--- DESCRIPTION OF THE TASK ---
Skip the pictures. Output only the lines below starting at the line with "Taylor Swift’s Dancer" and ending at the line with "Замок багажника MITSUBISHI LANCER 1998", both ends included, exactly as they are.

--- INFORMATION SHOWN ---
____________

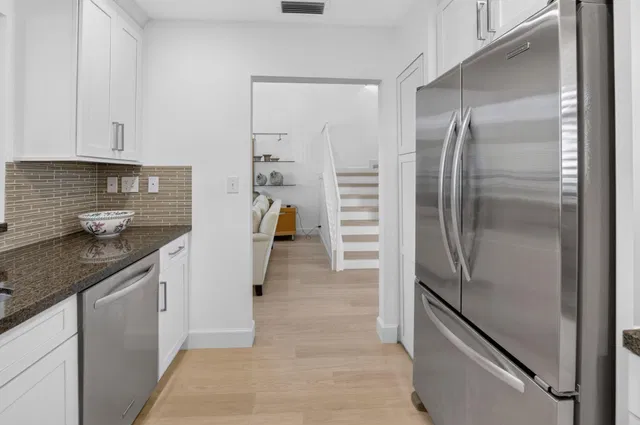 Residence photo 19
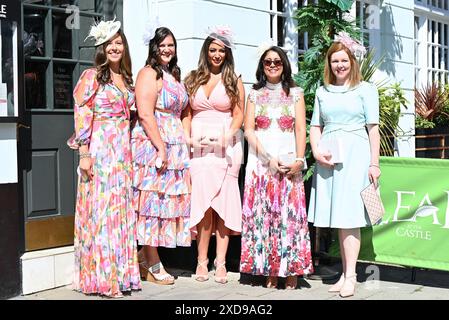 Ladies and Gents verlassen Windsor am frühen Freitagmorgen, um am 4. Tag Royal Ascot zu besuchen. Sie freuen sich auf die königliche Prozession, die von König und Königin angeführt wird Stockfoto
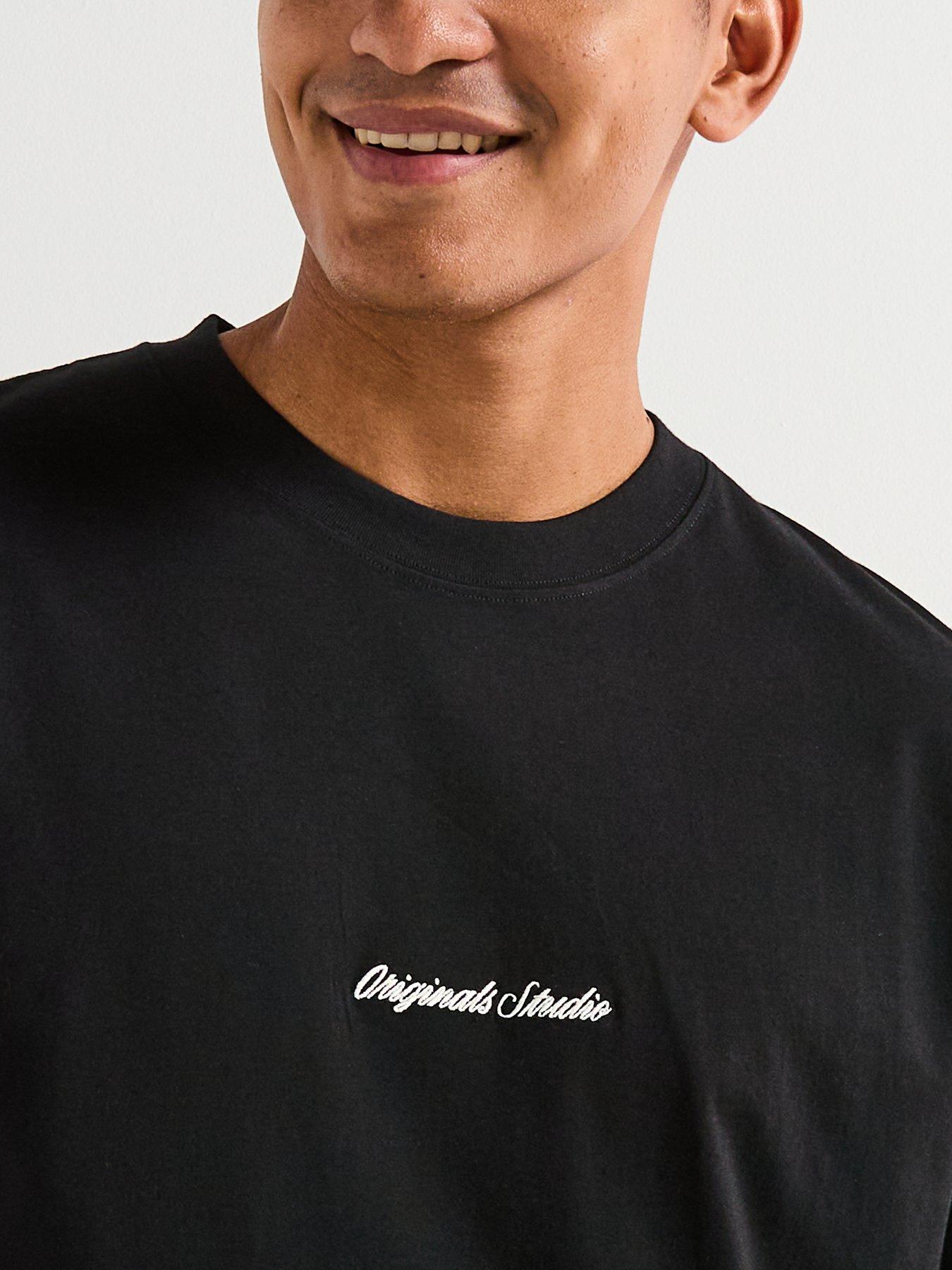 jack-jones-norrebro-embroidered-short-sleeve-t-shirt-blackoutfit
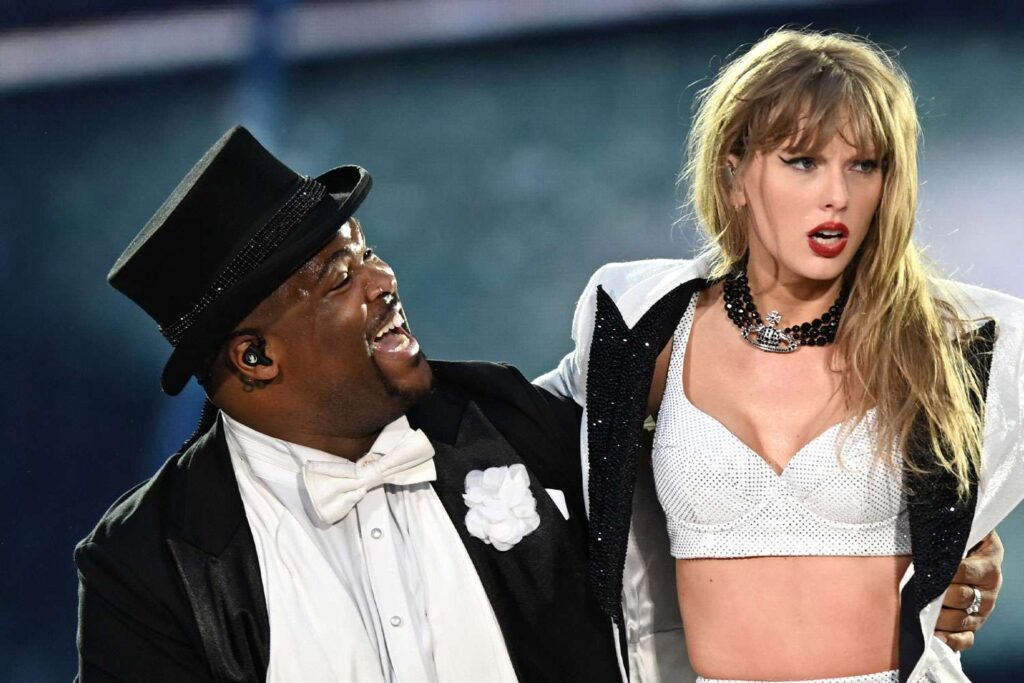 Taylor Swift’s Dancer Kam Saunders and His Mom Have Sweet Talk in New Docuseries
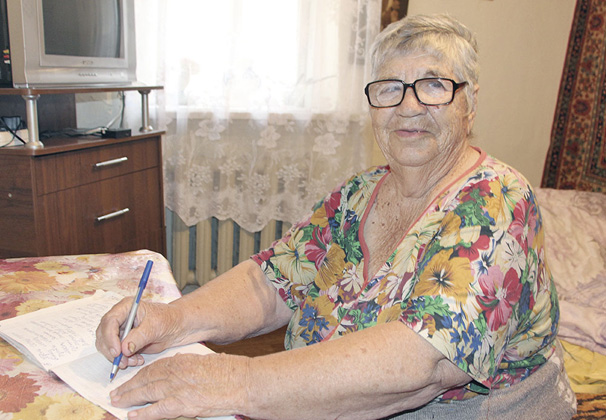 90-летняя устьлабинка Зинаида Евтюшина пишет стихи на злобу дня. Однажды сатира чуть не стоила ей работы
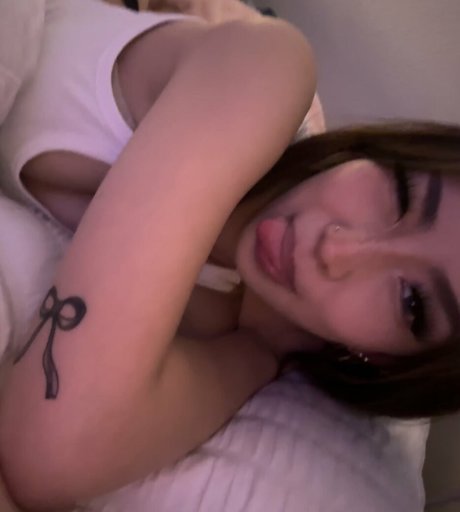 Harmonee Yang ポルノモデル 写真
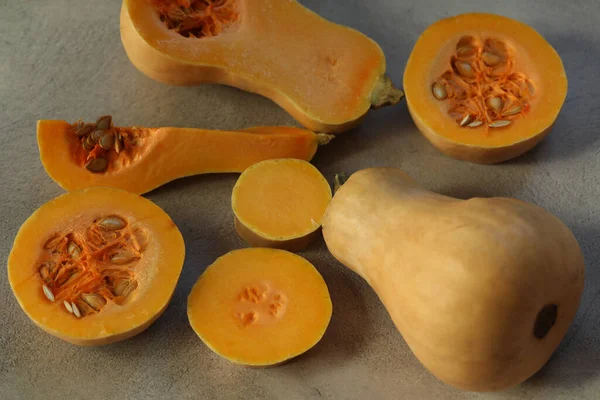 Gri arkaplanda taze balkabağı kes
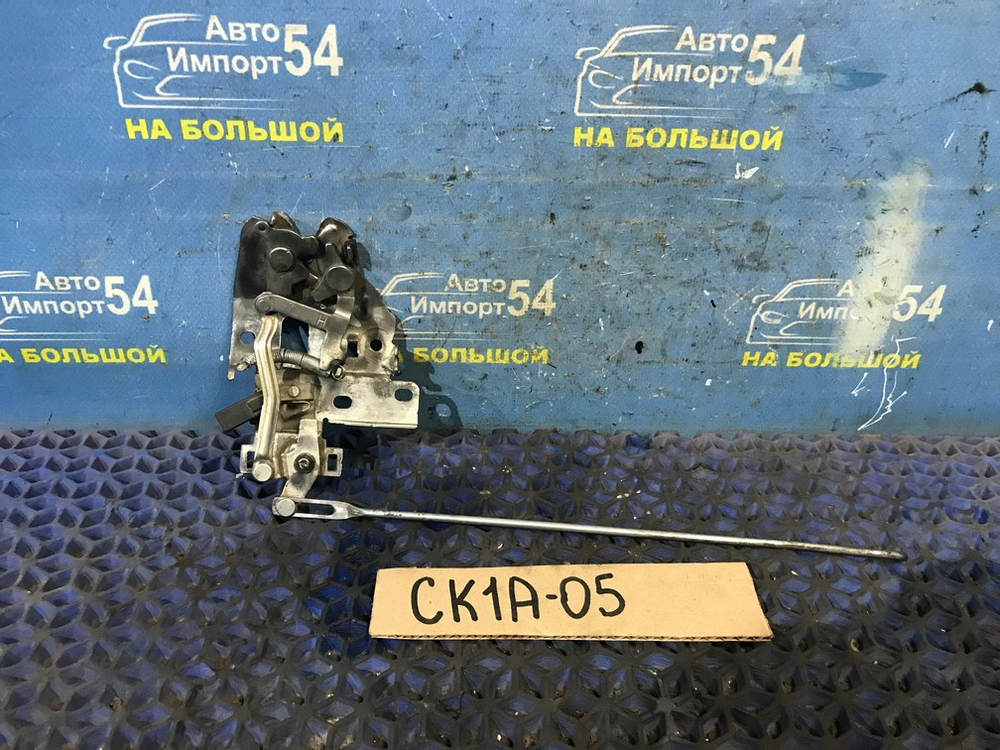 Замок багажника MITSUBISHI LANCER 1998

____________

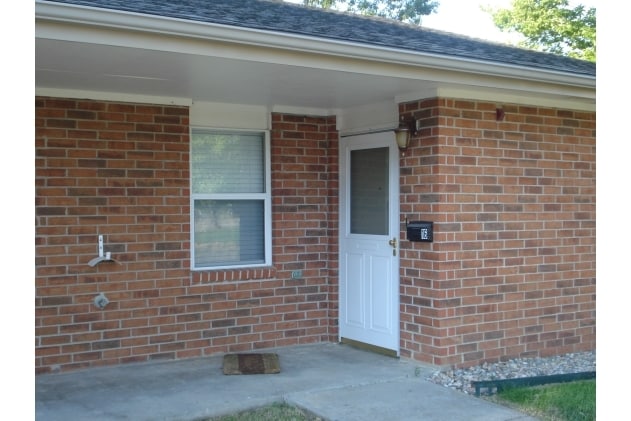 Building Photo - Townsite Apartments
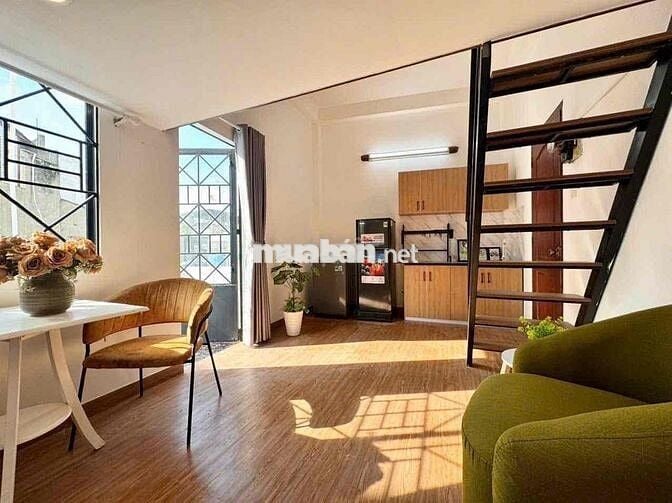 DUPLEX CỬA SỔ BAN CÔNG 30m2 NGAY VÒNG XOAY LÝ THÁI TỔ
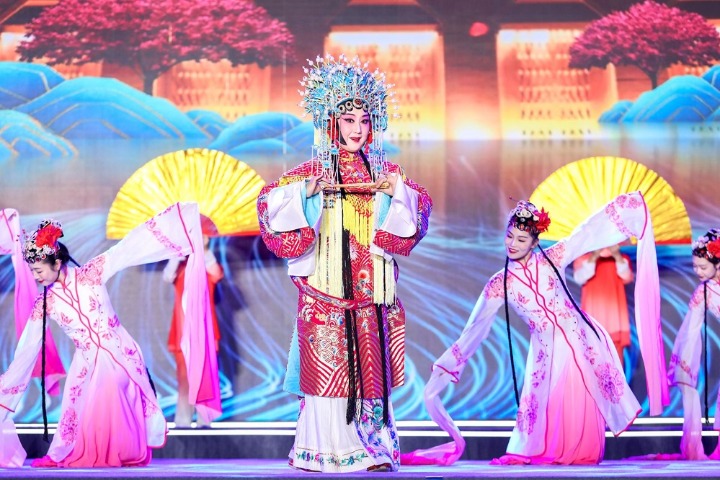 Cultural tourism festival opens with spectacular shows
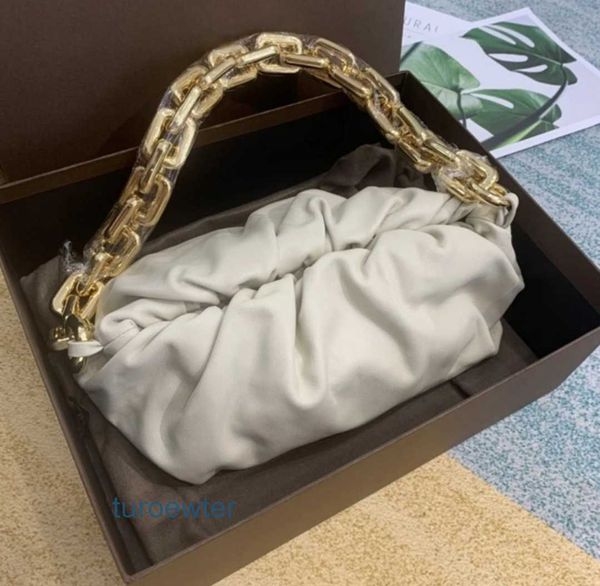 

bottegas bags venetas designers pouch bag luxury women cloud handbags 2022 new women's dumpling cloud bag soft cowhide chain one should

____________

--- ANSWER AREA ---
 Taylor Swift’s Dancer Kam Saunders and His Mom Have Sweet Talk in New Docuseries
 90-летняя устьлабинка Зинаида Евтюшина пишет стихи на злобу дня. Однажды сатира чуть не стоила ей работы
 Harmonee Yang ポルノモデル 写真
 Gri arkaplanda taze balkabağı kes
 Замок багажника MITSUBISHI LANCER 1998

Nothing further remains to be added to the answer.